- [Problem]:
Only the lines with the string "Photo" are needed; return each of them from the entries below.
Entries provided below:
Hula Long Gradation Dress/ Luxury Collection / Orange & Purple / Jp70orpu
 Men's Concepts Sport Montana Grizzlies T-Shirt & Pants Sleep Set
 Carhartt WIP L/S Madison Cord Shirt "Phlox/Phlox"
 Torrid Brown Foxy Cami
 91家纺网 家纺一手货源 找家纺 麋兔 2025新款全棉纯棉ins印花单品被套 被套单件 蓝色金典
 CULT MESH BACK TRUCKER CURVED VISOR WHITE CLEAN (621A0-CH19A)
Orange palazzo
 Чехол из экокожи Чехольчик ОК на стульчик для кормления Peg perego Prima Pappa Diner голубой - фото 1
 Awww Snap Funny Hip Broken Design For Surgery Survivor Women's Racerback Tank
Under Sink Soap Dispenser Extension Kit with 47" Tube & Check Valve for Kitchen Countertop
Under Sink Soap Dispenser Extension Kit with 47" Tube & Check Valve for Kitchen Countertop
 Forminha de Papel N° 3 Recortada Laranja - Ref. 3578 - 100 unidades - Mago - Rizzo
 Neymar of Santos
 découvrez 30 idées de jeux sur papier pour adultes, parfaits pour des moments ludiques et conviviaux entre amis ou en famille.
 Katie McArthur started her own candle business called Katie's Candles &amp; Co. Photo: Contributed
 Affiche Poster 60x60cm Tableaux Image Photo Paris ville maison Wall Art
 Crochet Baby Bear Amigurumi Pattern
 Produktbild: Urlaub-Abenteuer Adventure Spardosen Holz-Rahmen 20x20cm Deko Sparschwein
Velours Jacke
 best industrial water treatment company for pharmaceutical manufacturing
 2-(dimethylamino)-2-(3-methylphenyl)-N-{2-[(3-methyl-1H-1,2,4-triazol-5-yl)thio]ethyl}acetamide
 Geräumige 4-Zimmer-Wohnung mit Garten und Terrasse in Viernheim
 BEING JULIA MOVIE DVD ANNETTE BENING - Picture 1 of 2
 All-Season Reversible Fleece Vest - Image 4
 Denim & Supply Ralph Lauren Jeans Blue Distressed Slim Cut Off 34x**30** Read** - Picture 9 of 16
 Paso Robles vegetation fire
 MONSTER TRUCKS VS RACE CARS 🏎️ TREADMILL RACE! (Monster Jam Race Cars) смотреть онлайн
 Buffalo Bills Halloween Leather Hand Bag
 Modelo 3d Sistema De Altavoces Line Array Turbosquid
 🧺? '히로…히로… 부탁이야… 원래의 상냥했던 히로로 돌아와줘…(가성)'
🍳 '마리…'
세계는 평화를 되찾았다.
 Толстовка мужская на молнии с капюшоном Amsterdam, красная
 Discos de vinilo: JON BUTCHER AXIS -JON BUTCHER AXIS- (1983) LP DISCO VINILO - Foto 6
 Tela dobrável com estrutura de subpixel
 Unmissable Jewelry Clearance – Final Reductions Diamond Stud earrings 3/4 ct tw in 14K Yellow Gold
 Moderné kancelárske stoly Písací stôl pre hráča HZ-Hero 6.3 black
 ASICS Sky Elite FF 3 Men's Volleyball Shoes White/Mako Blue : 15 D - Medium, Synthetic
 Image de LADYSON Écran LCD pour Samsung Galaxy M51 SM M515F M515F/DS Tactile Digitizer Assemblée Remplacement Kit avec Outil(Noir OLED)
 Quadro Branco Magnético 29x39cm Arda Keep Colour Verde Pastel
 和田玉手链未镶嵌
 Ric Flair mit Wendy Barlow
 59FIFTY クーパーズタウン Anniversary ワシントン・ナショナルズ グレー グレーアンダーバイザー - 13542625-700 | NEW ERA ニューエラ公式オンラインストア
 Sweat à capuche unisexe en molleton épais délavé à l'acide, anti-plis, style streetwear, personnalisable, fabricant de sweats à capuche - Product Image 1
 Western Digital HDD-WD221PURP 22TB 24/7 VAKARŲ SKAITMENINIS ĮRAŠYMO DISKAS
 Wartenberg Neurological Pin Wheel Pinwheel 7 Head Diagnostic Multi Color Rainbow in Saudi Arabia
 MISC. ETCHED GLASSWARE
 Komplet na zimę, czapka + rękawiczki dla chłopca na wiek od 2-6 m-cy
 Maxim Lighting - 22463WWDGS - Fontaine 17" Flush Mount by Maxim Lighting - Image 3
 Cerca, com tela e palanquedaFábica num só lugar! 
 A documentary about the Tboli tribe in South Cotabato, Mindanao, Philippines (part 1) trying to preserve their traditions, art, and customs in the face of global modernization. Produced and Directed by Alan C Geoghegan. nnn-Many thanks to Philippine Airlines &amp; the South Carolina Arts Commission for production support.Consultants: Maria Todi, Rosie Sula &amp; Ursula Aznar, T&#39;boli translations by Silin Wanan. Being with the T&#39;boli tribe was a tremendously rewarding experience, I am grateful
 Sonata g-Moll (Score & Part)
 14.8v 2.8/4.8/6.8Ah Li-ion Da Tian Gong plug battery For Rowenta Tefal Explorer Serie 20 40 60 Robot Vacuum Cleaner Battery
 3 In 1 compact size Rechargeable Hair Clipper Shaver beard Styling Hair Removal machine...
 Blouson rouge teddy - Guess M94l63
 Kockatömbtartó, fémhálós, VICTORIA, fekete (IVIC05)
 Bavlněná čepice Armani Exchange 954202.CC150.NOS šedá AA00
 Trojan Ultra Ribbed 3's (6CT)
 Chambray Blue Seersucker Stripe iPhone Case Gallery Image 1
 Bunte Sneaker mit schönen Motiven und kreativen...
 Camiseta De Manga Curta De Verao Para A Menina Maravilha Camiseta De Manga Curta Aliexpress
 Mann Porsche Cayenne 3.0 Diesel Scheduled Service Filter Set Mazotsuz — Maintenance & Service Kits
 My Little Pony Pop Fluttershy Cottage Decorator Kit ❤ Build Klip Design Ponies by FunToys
End of Entries provided.
- [Answer to the exercise]:
 Katie McArthur started her own candle business called Katie's Candles &amp; Co. Photo: Contributed
 Affiche Poster 60x60cm Tableaux Image Photo Paris ville maison Wall Art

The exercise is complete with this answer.